Antwone Fisher follows a general narrative arc of healing, as Antwone explains his terrible past to Jerome and learns how it is still affecting his adult life. Antwone’s father was murdered before he was born, and his mother, after giving birth to him while serving time in prison, never claimed him. After spending some time in an orphanage, he was adopted by a cruel family, the matriarch of which was a deeply disturbed woman named Mrs. Tate (Novella Nelson) who referred to all her foster children as “nigger” and beat them regularly. He was also sexually abused as a child by an older cousin, and when he finally stood up for himself as a teenager he was thrown out of the house. After that, he lived on the street before joining the Navy.
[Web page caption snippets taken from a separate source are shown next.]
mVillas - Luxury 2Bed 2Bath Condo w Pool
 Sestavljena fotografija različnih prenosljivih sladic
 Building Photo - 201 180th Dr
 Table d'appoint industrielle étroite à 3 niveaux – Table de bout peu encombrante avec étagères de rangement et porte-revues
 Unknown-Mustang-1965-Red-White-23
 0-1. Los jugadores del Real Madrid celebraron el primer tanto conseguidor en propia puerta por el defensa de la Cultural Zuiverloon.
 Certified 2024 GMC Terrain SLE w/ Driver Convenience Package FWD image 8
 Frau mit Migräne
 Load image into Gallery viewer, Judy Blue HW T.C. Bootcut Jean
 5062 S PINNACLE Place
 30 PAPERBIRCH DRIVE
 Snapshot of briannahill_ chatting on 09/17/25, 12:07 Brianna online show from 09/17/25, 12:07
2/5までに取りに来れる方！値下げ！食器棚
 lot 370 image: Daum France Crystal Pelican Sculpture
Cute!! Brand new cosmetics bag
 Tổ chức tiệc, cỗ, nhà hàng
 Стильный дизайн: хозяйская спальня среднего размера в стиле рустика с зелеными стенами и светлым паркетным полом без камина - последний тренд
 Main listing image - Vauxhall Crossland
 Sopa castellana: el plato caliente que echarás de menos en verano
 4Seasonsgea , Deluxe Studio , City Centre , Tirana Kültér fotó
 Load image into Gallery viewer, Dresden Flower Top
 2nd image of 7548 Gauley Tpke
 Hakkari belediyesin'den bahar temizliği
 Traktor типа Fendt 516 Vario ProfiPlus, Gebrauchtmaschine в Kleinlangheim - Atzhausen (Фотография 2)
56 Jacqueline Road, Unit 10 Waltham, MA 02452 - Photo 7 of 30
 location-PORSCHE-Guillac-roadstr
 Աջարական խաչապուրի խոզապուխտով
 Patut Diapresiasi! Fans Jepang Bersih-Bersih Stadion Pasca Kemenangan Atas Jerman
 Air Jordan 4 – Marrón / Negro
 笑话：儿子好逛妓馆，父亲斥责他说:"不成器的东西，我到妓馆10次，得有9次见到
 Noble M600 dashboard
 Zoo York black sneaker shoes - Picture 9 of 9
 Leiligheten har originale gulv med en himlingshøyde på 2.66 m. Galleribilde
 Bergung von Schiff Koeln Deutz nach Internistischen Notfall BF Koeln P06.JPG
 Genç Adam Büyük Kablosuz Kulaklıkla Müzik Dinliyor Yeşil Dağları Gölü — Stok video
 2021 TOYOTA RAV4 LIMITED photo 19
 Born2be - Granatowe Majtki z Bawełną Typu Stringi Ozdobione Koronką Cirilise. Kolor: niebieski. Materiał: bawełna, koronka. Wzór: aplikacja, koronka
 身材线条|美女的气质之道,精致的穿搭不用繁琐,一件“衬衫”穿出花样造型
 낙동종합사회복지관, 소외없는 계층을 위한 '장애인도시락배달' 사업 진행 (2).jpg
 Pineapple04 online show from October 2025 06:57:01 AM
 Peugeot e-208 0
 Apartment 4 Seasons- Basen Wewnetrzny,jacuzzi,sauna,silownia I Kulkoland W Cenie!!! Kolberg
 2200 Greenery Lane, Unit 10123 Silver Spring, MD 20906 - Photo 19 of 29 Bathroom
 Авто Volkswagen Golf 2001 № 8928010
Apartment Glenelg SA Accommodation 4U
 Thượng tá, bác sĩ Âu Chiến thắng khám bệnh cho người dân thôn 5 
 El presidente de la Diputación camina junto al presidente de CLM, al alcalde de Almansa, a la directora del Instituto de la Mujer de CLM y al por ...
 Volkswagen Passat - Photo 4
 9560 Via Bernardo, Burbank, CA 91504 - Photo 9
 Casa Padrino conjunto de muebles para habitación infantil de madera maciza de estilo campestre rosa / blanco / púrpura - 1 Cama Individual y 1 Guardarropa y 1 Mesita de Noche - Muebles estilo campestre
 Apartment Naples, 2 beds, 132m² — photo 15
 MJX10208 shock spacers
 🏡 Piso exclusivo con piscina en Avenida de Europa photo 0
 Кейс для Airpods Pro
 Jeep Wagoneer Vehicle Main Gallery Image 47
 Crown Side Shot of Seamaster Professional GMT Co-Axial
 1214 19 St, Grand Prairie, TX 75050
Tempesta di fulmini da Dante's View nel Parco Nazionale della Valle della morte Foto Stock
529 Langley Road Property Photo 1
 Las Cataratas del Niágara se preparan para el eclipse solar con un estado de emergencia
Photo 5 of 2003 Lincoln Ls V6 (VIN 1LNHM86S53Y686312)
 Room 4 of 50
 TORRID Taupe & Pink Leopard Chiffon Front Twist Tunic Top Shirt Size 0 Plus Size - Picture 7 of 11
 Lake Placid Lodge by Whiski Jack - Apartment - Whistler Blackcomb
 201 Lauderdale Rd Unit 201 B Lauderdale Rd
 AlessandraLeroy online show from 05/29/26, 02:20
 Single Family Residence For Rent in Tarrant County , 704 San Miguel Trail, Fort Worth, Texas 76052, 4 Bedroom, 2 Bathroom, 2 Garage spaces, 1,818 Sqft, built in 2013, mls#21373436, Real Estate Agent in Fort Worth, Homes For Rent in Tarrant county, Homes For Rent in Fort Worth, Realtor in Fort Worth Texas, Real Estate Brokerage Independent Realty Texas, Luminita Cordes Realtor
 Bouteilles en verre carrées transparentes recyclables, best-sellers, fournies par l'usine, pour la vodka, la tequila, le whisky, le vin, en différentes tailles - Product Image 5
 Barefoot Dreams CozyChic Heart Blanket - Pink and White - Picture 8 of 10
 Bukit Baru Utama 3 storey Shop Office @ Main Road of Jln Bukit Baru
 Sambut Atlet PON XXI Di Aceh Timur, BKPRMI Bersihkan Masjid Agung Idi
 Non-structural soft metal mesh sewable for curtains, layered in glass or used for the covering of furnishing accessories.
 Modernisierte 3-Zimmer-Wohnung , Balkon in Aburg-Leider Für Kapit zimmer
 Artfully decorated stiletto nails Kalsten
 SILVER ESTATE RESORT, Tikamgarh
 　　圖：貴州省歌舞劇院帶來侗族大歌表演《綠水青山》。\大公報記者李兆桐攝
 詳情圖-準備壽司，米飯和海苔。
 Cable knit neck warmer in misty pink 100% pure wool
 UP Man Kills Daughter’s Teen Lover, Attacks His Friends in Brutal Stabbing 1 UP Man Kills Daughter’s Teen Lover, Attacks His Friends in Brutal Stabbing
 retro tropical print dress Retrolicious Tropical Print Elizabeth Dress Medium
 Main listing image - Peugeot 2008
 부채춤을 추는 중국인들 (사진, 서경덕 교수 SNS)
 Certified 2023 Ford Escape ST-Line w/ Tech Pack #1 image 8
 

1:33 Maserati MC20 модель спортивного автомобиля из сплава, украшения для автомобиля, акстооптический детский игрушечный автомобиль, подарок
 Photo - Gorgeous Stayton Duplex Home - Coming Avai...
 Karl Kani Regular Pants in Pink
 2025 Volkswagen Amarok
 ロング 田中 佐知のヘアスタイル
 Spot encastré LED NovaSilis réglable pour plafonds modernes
All this comes out in a series of flashbacks, each of which is triggered by Antwone relapsing into some form of violence. The narrative begins to build an obvious pattern where everything will be going well for Antwone, then he will suffer a setback of some kind, which brings Jerome back into his life and leads to his telling yet another dark chapter of his past. The goal is to get them all out on the table so that Antwone knows exactly what he must face and that he must eventually find his true family, if it even still exists.

Again, on its own, this material has an undeniable emotional resonance—watching any character suffer the way Antwone does and come out in the end strong and resilient is moving in and of itself. As a director, Denzel Washington makes sure he hits all the emotional highs, both positive and negative. He’s fairly discreet when the film turns ugly, preferring not to visualize the worst of Antwone’s travails. He knows, however, how to milk triumph for all it’s worth, and one of the final scenes in which Antwone is greeted in a way that he had previously only dreamt of works far better than it probably should.

Yet, there is still the sour aftertaste of the movie’s source and how Antwone Fisher the writer has self-consciously created a cinematic image of himself to show others what a great man he is. In the scene in which he finally finds his mother (heart-breakingly played by Viola Davis), Antwone begins to run off all the reasons why he is good person—he’s never smoked or done drugs, he can speak two languages, he’s read hundreds of books, etc.—and it feels like a speech directed at us. Antwone Fisher, for all its good points, is ultimately one man’s celebration to his own solidarity, which, even in a culture as self-serving as ours, doesn’t feel quite right. At least he could have changed the names.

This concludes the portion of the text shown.